For detailed instructions about how to create a Service Directory DNS zone, see Configuring a Service Directory DNS zone.

For instructions about how to use DNS to query your Service Directory, see Querying using DNS.

Terraform

resource "google_dns_managed_zone" "private-zone" {
  name        = "private-zone"
  dns_name    = "private.example.com."
  description = "Example private DNS zone"
  labels = {
    foo = "bar"
  }

  visibility = "private"

  private_visibility_config {
    networks {
      network_url = google_compute_network.network-1.id
    }
    networks {
      network_url = google_compute_network.network-2.id
    }
  }
}

resource "google_compute_network" "network-1" {
  name                    = "network-1"
  auto_create_subnetworks = false
}

resource "google_compute_network" "network-2" {
  name                    = "network-2"
  auto_create_subnetworks = false
}

Create a managed reverse lookup private zone

A managed reverse lookup zone is a private zone with a special attribute that instructs Cloud DNS to perform a PTR lookup against Compute Engine DNS data. You must set up managed reverse lookup zones for Cloud DNS to correctly resolve non-RFC 1918 PTR records for your virtual machine (VM) instances.

For instructions on how to create a new managed reverse lookup private zone, see Create a managed reverse lookup zone.

Create a forwarding zone

Forwarding zones let you target name servers for specific private zones. For instructions on how to create a new managed private forwarding zone, see Create a forwarding zone.

Create a peering zone

DNS peering lets you send requests for records that come from one zone's namespace to another VPC network. For instructions on how to create a peering zone, see Create a peering zone.

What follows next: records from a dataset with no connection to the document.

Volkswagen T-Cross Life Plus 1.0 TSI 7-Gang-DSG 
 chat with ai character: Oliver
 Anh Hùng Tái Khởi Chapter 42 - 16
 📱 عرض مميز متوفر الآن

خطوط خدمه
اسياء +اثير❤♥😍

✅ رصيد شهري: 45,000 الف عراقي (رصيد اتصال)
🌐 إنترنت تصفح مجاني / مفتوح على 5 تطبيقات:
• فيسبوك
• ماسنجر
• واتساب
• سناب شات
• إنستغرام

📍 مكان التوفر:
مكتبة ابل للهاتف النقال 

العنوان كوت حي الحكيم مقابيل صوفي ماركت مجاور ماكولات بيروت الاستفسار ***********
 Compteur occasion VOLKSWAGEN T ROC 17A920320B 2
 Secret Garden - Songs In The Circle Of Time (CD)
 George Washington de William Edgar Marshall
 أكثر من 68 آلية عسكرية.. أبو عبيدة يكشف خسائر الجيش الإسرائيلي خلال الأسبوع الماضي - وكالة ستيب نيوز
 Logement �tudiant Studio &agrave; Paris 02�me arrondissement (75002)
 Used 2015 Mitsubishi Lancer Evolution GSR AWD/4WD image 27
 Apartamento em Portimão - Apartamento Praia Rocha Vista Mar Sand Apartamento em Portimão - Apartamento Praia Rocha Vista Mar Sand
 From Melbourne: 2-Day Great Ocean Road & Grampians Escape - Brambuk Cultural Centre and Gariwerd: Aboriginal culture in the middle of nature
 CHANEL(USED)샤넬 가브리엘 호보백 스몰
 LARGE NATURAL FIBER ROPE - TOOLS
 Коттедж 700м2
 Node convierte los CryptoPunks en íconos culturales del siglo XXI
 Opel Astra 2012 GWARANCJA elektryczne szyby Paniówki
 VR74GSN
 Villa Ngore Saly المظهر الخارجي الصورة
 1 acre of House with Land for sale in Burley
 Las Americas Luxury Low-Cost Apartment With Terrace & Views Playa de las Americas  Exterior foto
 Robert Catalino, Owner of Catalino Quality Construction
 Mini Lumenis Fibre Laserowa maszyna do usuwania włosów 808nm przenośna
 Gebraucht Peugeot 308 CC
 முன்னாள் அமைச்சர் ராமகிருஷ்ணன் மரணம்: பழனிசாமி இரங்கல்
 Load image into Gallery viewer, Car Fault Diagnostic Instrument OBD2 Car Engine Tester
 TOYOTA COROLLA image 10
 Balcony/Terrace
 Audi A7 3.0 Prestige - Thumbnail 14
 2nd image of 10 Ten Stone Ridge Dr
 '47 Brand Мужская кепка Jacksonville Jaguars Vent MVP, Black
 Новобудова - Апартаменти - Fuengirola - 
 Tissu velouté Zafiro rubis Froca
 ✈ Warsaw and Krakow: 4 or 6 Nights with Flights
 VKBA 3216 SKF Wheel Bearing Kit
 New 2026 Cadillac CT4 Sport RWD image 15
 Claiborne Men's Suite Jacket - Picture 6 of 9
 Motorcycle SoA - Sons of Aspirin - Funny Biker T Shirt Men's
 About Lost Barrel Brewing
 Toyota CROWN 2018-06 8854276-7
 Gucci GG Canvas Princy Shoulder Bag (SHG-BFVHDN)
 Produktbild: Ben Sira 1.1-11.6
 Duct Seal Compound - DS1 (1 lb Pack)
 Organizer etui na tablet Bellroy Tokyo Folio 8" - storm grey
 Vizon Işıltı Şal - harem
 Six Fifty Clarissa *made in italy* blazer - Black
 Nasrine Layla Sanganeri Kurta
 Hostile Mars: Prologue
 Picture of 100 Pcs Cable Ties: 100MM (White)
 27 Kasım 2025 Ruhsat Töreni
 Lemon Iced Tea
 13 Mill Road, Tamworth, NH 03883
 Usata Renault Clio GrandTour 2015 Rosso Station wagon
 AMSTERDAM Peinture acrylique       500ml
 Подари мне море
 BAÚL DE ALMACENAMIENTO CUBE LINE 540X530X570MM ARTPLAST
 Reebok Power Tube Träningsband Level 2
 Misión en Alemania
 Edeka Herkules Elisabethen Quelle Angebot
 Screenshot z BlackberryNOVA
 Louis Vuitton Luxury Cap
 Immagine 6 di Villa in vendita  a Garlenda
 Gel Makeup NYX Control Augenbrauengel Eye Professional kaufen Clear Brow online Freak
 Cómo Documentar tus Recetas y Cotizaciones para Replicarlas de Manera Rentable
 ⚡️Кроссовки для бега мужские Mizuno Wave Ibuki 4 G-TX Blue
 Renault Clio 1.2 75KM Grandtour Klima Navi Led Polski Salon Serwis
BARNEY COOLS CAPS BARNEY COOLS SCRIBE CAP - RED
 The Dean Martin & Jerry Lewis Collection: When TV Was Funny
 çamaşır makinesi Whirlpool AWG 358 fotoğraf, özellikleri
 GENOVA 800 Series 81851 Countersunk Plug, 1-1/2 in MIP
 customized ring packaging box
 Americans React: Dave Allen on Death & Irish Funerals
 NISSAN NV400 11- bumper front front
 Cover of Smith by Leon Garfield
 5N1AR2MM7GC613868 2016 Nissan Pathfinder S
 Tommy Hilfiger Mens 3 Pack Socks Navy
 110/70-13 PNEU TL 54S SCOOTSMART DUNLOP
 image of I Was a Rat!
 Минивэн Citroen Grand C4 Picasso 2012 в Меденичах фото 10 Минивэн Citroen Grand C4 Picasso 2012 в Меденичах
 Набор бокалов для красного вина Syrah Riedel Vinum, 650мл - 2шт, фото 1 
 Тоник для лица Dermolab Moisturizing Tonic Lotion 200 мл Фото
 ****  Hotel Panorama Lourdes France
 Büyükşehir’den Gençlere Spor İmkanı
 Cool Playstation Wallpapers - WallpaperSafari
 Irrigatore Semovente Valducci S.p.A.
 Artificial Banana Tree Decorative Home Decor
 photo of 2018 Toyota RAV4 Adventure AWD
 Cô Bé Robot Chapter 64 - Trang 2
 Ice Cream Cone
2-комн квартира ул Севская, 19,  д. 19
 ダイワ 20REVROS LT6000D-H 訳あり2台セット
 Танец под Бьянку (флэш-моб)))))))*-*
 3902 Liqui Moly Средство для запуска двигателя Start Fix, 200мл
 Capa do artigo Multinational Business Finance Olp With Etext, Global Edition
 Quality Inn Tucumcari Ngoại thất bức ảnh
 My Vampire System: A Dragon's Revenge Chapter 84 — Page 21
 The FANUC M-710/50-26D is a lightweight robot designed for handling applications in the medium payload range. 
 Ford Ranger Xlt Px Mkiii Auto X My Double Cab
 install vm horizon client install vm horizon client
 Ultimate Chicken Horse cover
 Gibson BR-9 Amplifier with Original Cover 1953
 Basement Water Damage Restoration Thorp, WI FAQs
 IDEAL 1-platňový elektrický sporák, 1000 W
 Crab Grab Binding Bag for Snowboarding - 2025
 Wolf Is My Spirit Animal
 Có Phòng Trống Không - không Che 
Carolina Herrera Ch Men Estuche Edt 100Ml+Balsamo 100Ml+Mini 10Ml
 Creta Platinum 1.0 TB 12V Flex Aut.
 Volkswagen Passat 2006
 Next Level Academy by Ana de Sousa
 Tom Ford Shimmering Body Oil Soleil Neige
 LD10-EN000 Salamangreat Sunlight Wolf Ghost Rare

Create a cross-project binding zone

Create a managed private zone that can be bound to a network that is owned by a different project within the same organization. For instructions on how to create a cross-project binding zone, see Cross-project binding zones.

Update managed zones

Cloud DNS lets you modify certain attributes of your managed public or managed private zone.

Update public zones

You can change the description or DNSSEC configuration of a public zone.

Console

  1. In the Google Cloud console, go to the Cloud DNS zones page.

    Go to Cloud DNS zones

  2. Click the public zone that you want to update.

  3. Click Edit.

  4. To change DNSSEC settings, under DNSSEC, select Off, On, or Transfer. For more information, see Enabling DNSSEC for existing managed zones.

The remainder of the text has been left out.